When send/get complete (or on exception) set encoding back to default(ascii)

This still leaves graceful failure to be implemented.

I did some tests on my phone and it worked retrieving and sending non-ascii
characters using iso-8859-1.

For changing the encoding I used: (in mainwindow)

def __init__:
self.default_unicode_encoding=sys.getdefaultencoding()

def BPSetUnicodeEncoding(self, encoding):
if encoding==None:
encoding=self.default_unicode_encoding
print "setting encoding to "+`encoding`
if sys.getdefaultencoding()!=encoding:
# set locale for phone
if not hasattr(sys, 'setdefaultencoding'):
savedStdout = sys.stdout
savedStderr = sys.stderr
reload(sys)
sys.stdout = savedStdout
sys.stderr = savedStderr
sys.setdefaultencoding(encoding)
return

Simon

Roger Binns

2006-04-01 18:39:57 UTC

Post by Simon C
As a partial fix for the encoding problem can we do the following?

It isn't a fix - it a sweeping under the rug.

Post by Simon C
sys.setdefaultencoding(encoding)

That affects all threads including the main gui one. The best thing
to do is to fix this properly.

Go and fix one model writing the code needed to get it right.
(Remember things like the phone filesystem may be in a different
encoding or may not support non-ascii chars). Rinse and repeat
on a seperate and totally unrelated model. Do for a 3rd model.
Don't forget the pelephone model.

At this point you'll have an idea as to how to abstract this
out and provide common code for each model to use.

Roger

Simon C

2006-04-02 00:07:54 UTC

Post by Roger Binns
Go and fix one model writing the code needed to get it right.
(Remember things like the phone filesystem may be in a
different encoding or may not support non-ascii chars).
Rinse and repeat on a seperate and totally unrelated model.
Do for a 3rd model.
Don't forget the pelephone model.

Ok I've done this for three phones with the phonebook names and allowed for
acsii and another encoding to co-exist on the same phone. It is compatible
with Pelephone.

I added a new PACKET data type of UNICODE_STRING, it is the same as STRING
except for writetobuffer and readfrombuffer, they convert the data to and
from unicode when reading/writing the buffer. Internally it stores the
string as unicode, the conversion occurs as the data is written/read to/from
the phone
The encoding used is set by a function in prototypes and is global for all
UNICODE_STRINGS, it can be changed at any time. The __init__ of the phone
profile sets the encoding to the 'phone_encoding' attribute of the profile,
if defined, or ascii if not.
If we need to support more than one encoding on a phone then we could create
another string class UNICODE_STRING_2.

To add support for an encoding on a phone the developer has to do this.
1) add the attribute phone_encoding=XXXX where XXXX is the encoding used.
2) In the protocol file use UNICODE_STRING for strings that are encoded.
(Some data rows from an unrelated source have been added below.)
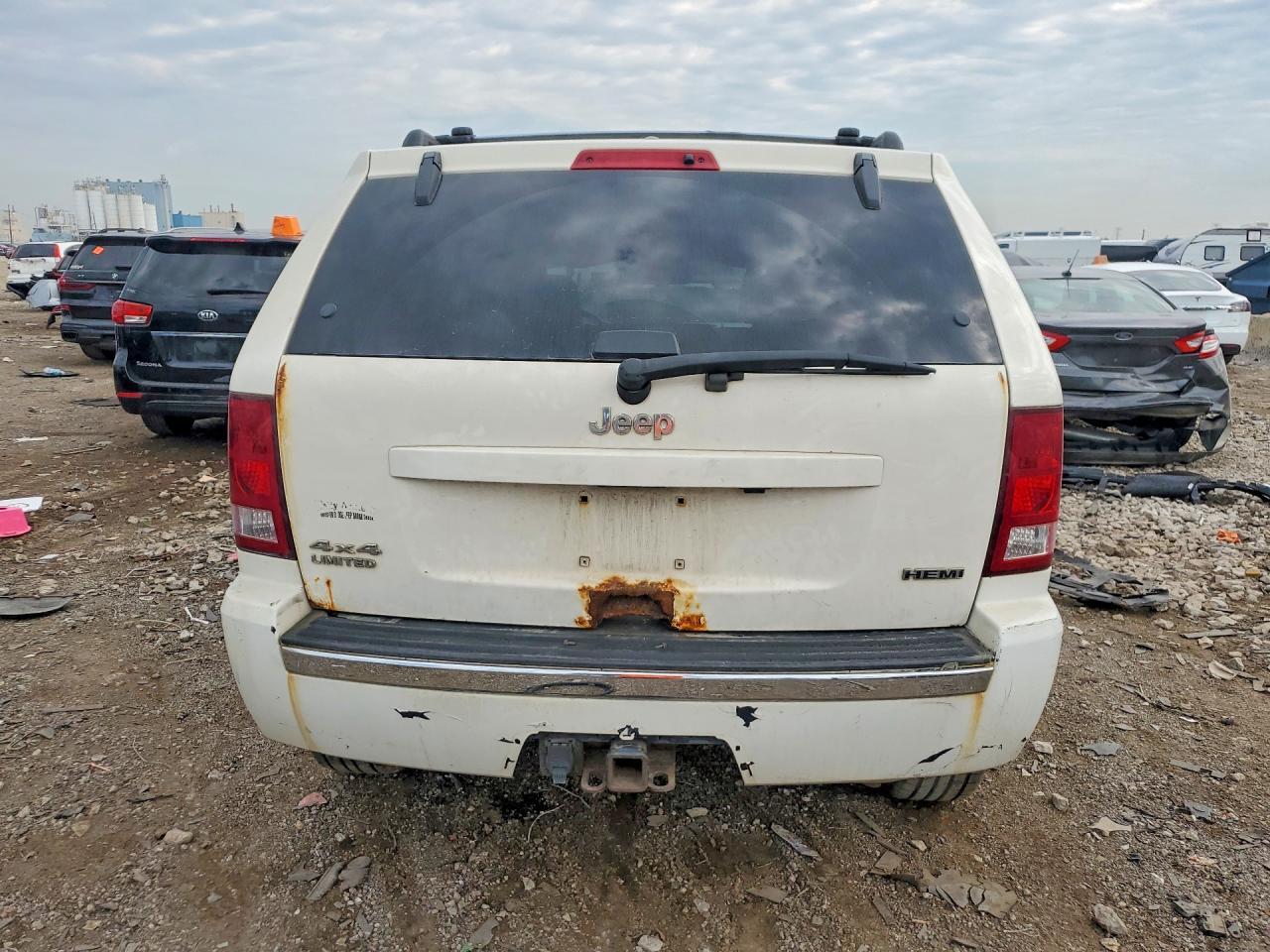 2007 Jeep Grand Cherokee Limited - Image 6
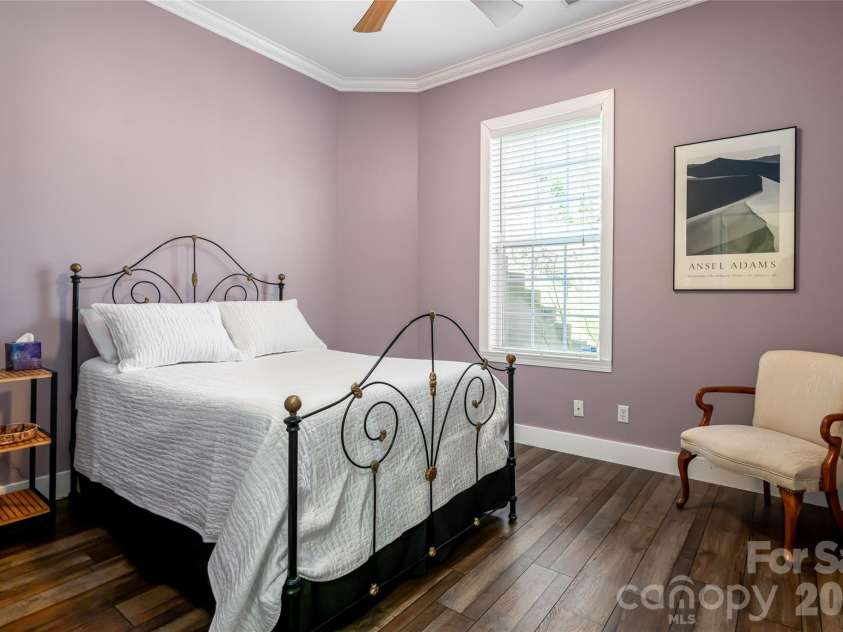 47 Timberwood Drive, Asheville, NC 28806.  MLS# CAR4360471, YatesRealty ID 9130. 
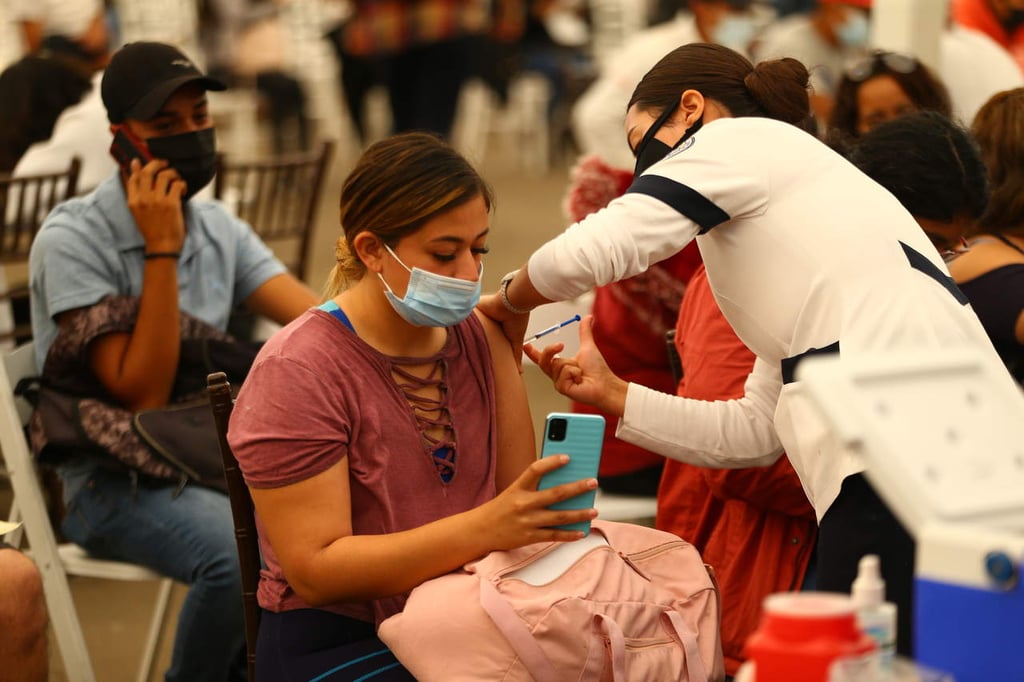Sábado y domingo abrirán campaña de vacunación para jóvenes de Durango capital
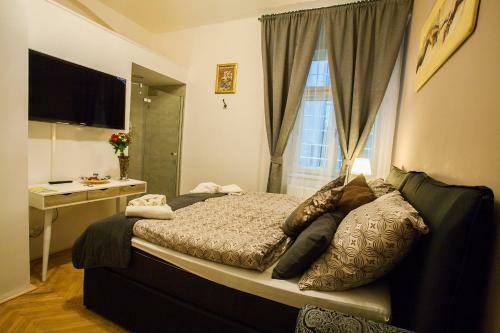 Hostal Prague Eia Centre Apartments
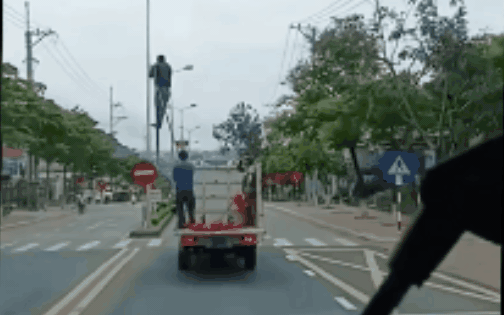 Tài xế xe biển số xanh chở người làm xiếc trên quốc lộ bị Xử lý nghiêm - Ảnh 2.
I'm not going to change the p_brew packets to use this, I don't know if
non-ascii works and I con't want to bugger up my phone trying.

Simon

Joe Pham

2006-04-02 04:48:15 UTC

Post by Simon C
I added a new PACKET data type of UNICODE_STRING,

I don't think there's a need for this new type. All STRING should be able to handle unicode. Ideally, the Phone class can:

1. Define 0 (default/as-is), 1 or more charsets that this phone supports.
2. Common routines to iterate and handle unicode conversion.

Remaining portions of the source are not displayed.